My first attempt was to “go straight at him” and hope he stuck around, after all, I only had to go about 200 yards and I’d be within 150 yards of him. The does had other plans for their male friend and lead him up and over the ridge! Back at the truck, we decided to continue our drive along the dirt two track that followed the private property fence and hope to cut him off as he came down to jump over the fence and onto safety. Well, we didn’t really know where the antelope had gone, so we took another side road that lead to the top of the hill a bit South of where we had last seen them going. Sure enough, there they were. Still too far for a shot, so we continued up the two track to the top of the hill. Meanwhile the antelope went down the other side, heading in the direction of the private property.

My thoughts were that maybe with them being down in a “safe zone”, in the sage and out of our sight, they would settle down and maybe, just maybe, I could sneak over the ridge, spot them before they spotted me and I’d get a longer than I like shot at him. It would be worth a try.

Leaving the truck up on top, I slowly made my way over to the edge of the ridge line, where I could look over and down the hill, hoping I’d see him before he saw me. I went as slowly and quietly as I knew how to do. Meanwhile, Weasel, headed in a different direction hoping to see a buck deer we had seen on the same hill we spotted the antelope on when we first arrived in this area.

As my footsteps lead me to the edge, I was trying my best to see below me, hoping to catch the slightest of movement, shape, or anything that would mean I was looking at an antelope, buck or doe did not matter to me, as right now I was just trying to see where they were. I was getting quite close to the edge, where I would be able to see the entire hillside below me, when I finally spotted the tan and white body of an antelope. It was broadside to me, looking off to my right. The way it was standing was as if it was focused on some far off object to the south of us. It had no idea I was just above it on the ridge. Through my 12X50 binocs I could easily see it was my buck, the same buck I had seen during the bow hunt and the muzz deer hunt, the one I had told Weasel I would shoot in a heartbeat should I get the chance. I put my rangefinder on him and hit the button….180 yards! Oh my heck! That is a LOT farther than I am used to shooting! In fact, I don’t think I have ever taken a shot that far on a big game animal, with my muzzleloader.

I made my mind up to take the shot and settled into a kneeling position, being especially careful not to kneel on a cactus or to make any unnecessary noises. I did not want him to look up in my direction. In fact his posture was perfect for a shot like this. Taking as careful aim as I could, I settled the sights on his shoulder, he was facing to my right. I took a deep breath, then exhaled, I was calm, not anxious at all. My mind raced through the aiming/shooting sequence I have been through thousands of times in the past and even though it was nearly a 200 yard shot, I rationalized it was quite a steep downhill shot and the bullet should naturally climb higher than my aim point. I should aim as if he was 30 yards away, no compensation what so ever.
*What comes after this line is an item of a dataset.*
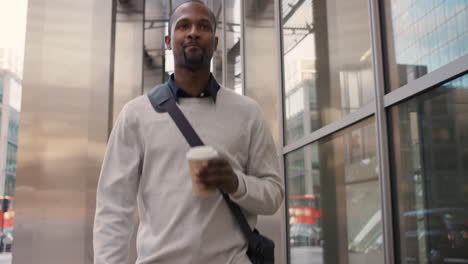 african american businessman walking through city using smart phone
As the sights settled on his shoulder, I clicked the set trigger, and then moved my finger up to the front trigger, once again the sight picture was very clearly settled on his shoulder and with ever so slight pressure on the trigger the roar of the powder sent the bullet racing toward the buck. I heard the bullet strike the buck, but I wasn’t sure just where it hit him. The smoke was still hanging over the edge of the ridge below me when the buck took off running in the direction it had been looking. I could see its rear leg bouncing to the side as it ran. My shot was not a good one, as it hit the rear leg, breaking it just below the hip. The buck ran like that for about 50 yards and then settled into a pocket of sage, where it laid down. I was not happy with the shot, but I was pleased to think I had hit it and for sure would recover it, it would be just a matter of time before it died where it was laying in the sage. I didn’t reload until after I saw it lay down, then I stood up and reloaded. By then Weasel had made it to where I was, he heard the shot and came as quickly as he could. I pointed out where the buck was laying and he verified it in his binocs.

Weasel was quick to say, he would take the truck down to the two track that followed the private property fence and that I should carefully and quietly sneak down off the ridge and over to where the antelope was laying. All the while being ready for a kill shot should it jump up. The main issue here was not that I wouldn’t harvest this wounded animal, but that I needed to make sure it didn’t get across the fence and onto the private ground. We had our plan and so we separated. The truck parked along side the fence should deter any thoughts by the antelope to go in that direction should it decide to try and escape.

I worked slowly and quietly down off the ridge keeping a very close eye on where the buck was laying. About 50 yards away from the buck, it got up and took a couple of bounds away from me. I had no shot. It laid down again in a place I could not see it, and I get closer the terrain forced me into a depression where I could not see the sage brush anywhere near the animal. I would be hidden from the animal, but also, unable to see the animal should it get up and run. 5 steps is about what it took to be back up high enough to see where the animal was laying, however when I came up to this point, I wasn’t exactly sure where that spot was. I knew the “general” area is all, and to me that is not a good feeling.

Knowing the antelope was not stiffened up, was also a little un-nerving to me, as it could move quickly and get across the fence probably before I could get a shot off and should that happen, my shot would have to be perfectly placed.

Weasel and the truck came down the two track off the side of the hill and down to the fence. He turned the truck in my direction and slowly came in the direction of the antelope. He did not know the animal had moved from its original position. As he got closer, I stopped him by raising my hand when I figured he was in a spot closest to the antelope and between the antelope and the fence.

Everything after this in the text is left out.